All memory backends implement the MemoryBackend abstract base class.

class MemoryBackend(ABC):
    backend_id: str

    def store(self, content: str, *, source: str = "", metadata: dict | None = None) -> str:
        """Persist content and return a unique document ID."""

    def retrieve(self, query: str, *, top_k: int = 5, **kwargs) -> list[RetrievalResult]:
        """Search for query and return the top-k results."""

    def delete(self, doc_id: str) -> bool:
        """Delete a document by ID. Return True if it existed."""

    def clear(self) -> None:
        """Remove all stored documents."""

RetrievalResult¶

Each retrieval returns a list of RetrievalResult objects:

Field	Type	Description
`content`	`str`	The retrieved text chunk
`score`	`float`	Relevance score (higher is better)
`source`	`str`	Originating file path or identifier
`metadata`	`dict[str, Any]`	Additional metadata (chunk index, etc.)

Backends¶

SQLite / FTS5 (Default)¶

Registry key: sqlite

The default backend using SQLite's built-in FTS5 full-text search extension.

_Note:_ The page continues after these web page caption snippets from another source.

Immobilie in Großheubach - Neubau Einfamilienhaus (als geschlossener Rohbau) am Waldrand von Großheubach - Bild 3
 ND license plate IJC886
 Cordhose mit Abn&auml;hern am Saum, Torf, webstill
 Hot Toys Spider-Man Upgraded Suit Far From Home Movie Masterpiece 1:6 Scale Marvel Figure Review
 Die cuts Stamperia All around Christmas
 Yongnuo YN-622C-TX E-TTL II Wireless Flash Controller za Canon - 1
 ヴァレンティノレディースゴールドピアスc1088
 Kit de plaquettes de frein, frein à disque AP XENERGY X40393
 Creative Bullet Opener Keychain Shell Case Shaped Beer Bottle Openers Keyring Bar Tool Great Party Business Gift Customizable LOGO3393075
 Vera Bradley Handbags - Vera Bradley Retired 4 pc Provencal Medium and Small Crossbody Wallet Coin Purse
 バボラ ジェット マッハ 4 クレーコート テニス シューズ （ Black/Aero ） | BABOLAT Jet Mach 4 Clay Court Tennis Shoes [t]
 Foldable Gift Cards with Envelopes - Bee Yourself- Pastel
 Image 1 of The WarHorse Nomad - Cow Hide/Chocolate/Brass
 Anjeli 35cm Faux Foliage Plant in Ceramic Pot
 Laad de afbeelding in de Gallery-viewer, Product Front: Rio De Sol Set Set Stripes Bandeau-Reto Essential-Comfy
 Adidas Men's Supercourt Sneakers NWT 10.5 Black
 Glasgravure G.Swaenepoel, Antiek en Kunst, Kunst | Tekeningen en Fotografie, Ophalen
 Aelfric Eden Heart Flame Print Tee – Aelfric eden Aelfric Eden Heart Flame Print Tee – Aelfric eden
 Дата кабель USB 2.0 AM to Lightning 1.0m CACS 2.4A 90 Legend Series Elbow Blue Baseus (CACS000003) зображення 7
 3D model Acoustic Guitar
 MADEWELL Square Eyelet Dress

Zero external dependencies -- uses Python's standard sqlite3 module.

Scoring: BM25 ranking via FTS5 MATCH queries
Persistence: SQLite database file (default: ~/.openjarvis/memory.db)
Dependencies: None (built into Python)

from openjarvis.core.registry import MemoryRegistry

backend = MemoryRegistry.create("sqlite", db_path="./memory.db")
doc_id = backend.store("Hello world", source="test.txt")
results = backend.retrieve("hello")
backend.close()

When to use SQLite/FTS5

Use this backend when you want zero-configuration setup, keyword-based search is sufficient, and you need persistent storage across restarts. It works well for small to medium document collections.

FAISS¶

Registry key: faiss

Dense neural retrieval using Facebook AI Similarity Search. Embeds documents and queries into dense vectors and retrieves by cosine similarity.

Scoring: Cosine similarity via inner-product search on L2-normalized vectors
Persistence: In-memory only (data is lost on restart)
Dependencies: faiss-cpu (or faiss-gpu), sentence-transformers

uv sync --extra memory-faiss

backend = MemoryRegistry.create("faiss")
doc_id = backend.store("Neural networks are computational models")
results = backend.retrieve("deep learning architectures")

When to use FAISS

Use this backend when you need semantic search (finding conceptually similar content even without exact keyword matches). Best for use cases where you can re-index on each run since data is not persisted.

ColBERTv2¶

Registry key: colbert

Late-interaction retrieval using ColBERT's token-level embeddings with MaxSim scoring. Provides the highest retrieval quality among the available backends.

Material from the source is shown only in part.